[[ INFORMATION PROVIDED open ]]
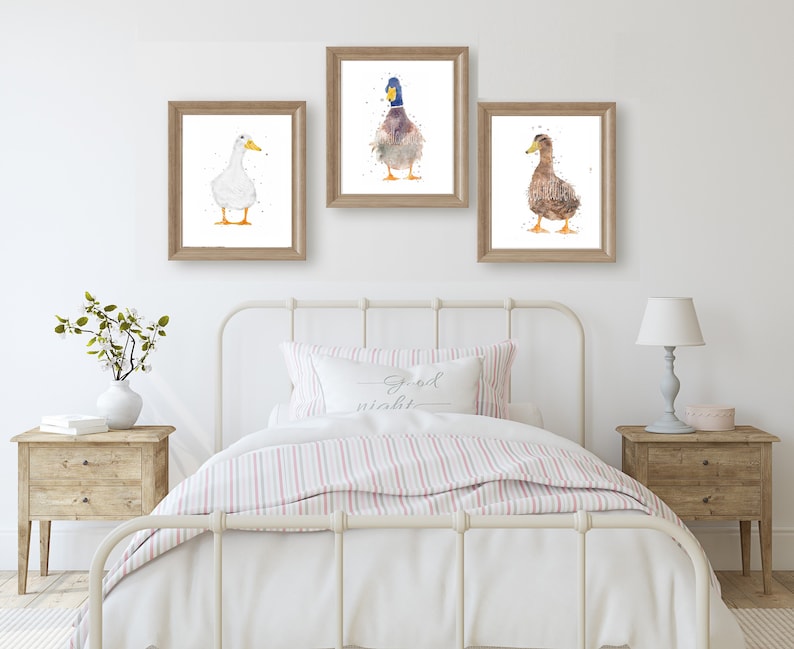 watercolour duck prints, duck painting, duck gifts, set of duck prints, duck wall art, country home decor, wildlife animal prints, duck art image 3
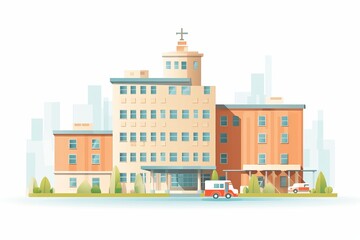 Cute cartoon hospital building on white background generative ai
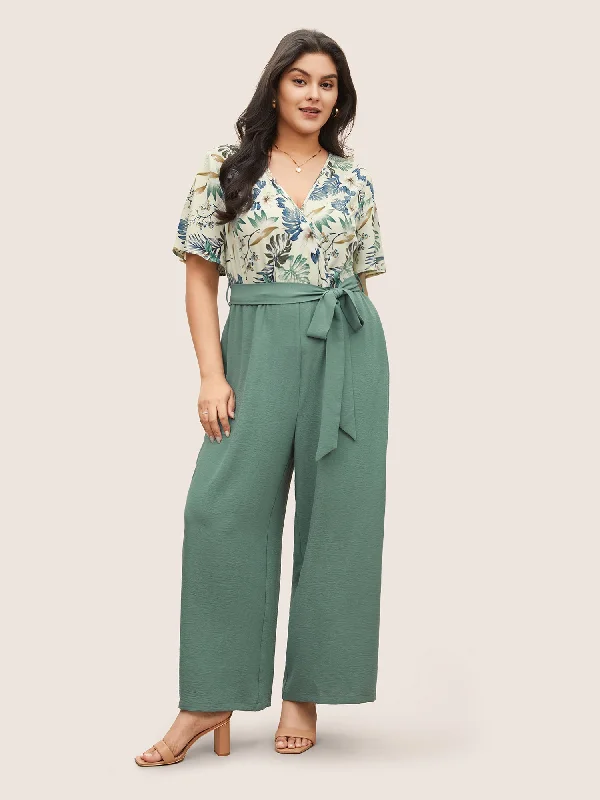 Women's Stylish Professional Apparel Seasonal Sale Plants Print Patchwork Belted Wrap Jumpsuit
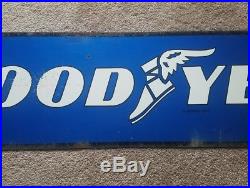 Original Vintage 1960's Goodyear Tires Gas Station Oil 2 Sided 48 Metal Sign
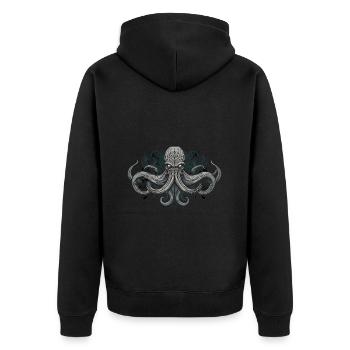 Cthulhu Lord and Savior Monster Horror T-Shirt - Unisex Premium Bio Zip Hoodie - Schwarz - Hinten - Nico (187cm)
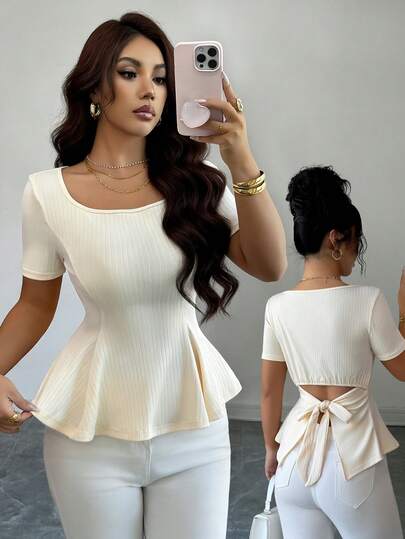 Rafferiza Women's Solid Color Round Neck Short Sleeve Backless Bow Tie Ribbed Casual T-Shirt, Suitable For Spring And Summer Wear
[[ INFORMATION PROVIDED closed ]]
_WHAT YOU HAVE TO DO:_ Set down exactly, and only, the lines from the one holding "Cute cartoon hospital" to the end of the records above, leaving every picture out.

_RESULT OF THIS TASK:_
 Cute cartoon hospital building on white background generative ai
 Women's Stylish Professional Apparel Seasonal Sale Plants Print Patchwork Belted Wrap Jumpsuit
 Original Vintage 1960's Goodyear Tires Gas Station Oil 2 Sided 48 Metal Sign
 Cthulhu Lord and Savior Monster Horror T-Shirt - Unisex Premium Bio Zip Hoodie - Schwarz - Hinten - Nico (187cm)
 Rafferiza Women's Solid Color Round Neck Short Sleeve Backless Bow Tie Ribbed Casual T-Shirt, Suitable For Spring And Summer Wear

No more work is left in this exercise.